Only when electric automobile is in controllable state, electric automobile could provide frequency adjustment assistant service to power network, I.e. electric automobile participates in power system frequency modulation.Therefore, when studying certain period electric automobile participation frequency modulation, it is necessary to be somebody's turn to do first The situation of change of controllable electric automobile quantity in the range of period, could further study how electric automobile participates in system frequency modulation, And its influence to whole region power system frequency.
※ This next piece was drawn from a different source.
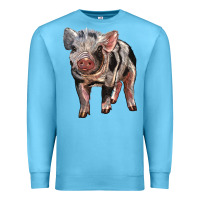 Ocean Blue Baby Spotted Pig Premium Sweatshirt - LillyAllenDesigns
At present, the controllable electric automobile number change research to participating in system frequency modulation in certain period is more rare.It is external The electric automobile of some countries actual operation of existing certain scale, can obtain the actual number that part electric automobile accesses power network quantity According to, and then estimate the controllable electric automobile number change of participation system frequency modulation.And it is domestic, electric automobile is still pushed away in initial stage market Wide stage, the quantity of electric automobile is very limited, lacks real data and is supported as research, and the domestic electric automobile that is directed to participates in system The research of system frequency modulation is actually rare, lacks the algorithm research of the controllable electric automobile number change of participation system frequency modulation.
Therefore, one kind is badly in need of at present can rationally be estimated to the change of power system frequency modulation controllable electric automobile Number dynamics The method of meter.
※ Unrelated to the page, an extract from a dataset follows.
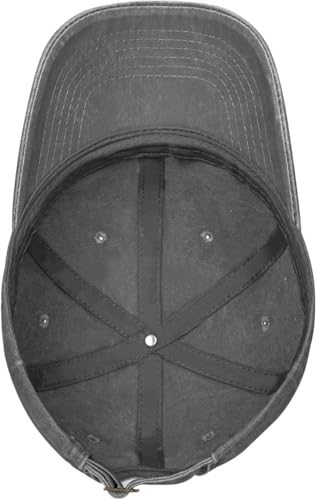 Casquette Bruce Springsteen Thunder Road en denim délavé style rétro réglable - 2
The content of the invention
In view of this, it is an object of the invention to provide a kind of power system frequency modulation controllable electric vapour based on Monte Carlo Car Number dynamics change modeling method, the method by using monte carlo method come the operation feelings of stochastic simulation electric automobile The quantity of controllable electric automobile in condition, and then statistical regions.
To reach above-mentioned purpose, the present invention provides following technical scheme:
A kind of power system frequency modulation controllable electric automobile Number dynamics change modeling method based on Monte Carlo, including with Lower step:
Step one:Initialization electric automobile relevant parameter;
Step 2:Judge electric automobile classification, the entry/exit for determining all electric automobiles respectively according to different classifications can Control state timetable;
Step 3:Statistical analysis timetable, obtain each moment in region enters controllable state electric automobile quantity N 'in (ti) and go out controllable state electric automobile quantity N'out(ti);
Step 4:Calculate the accumulative vehicle number of entry/exit controllable state;
Step 5:Calculate the quantity of controllable electric automobile.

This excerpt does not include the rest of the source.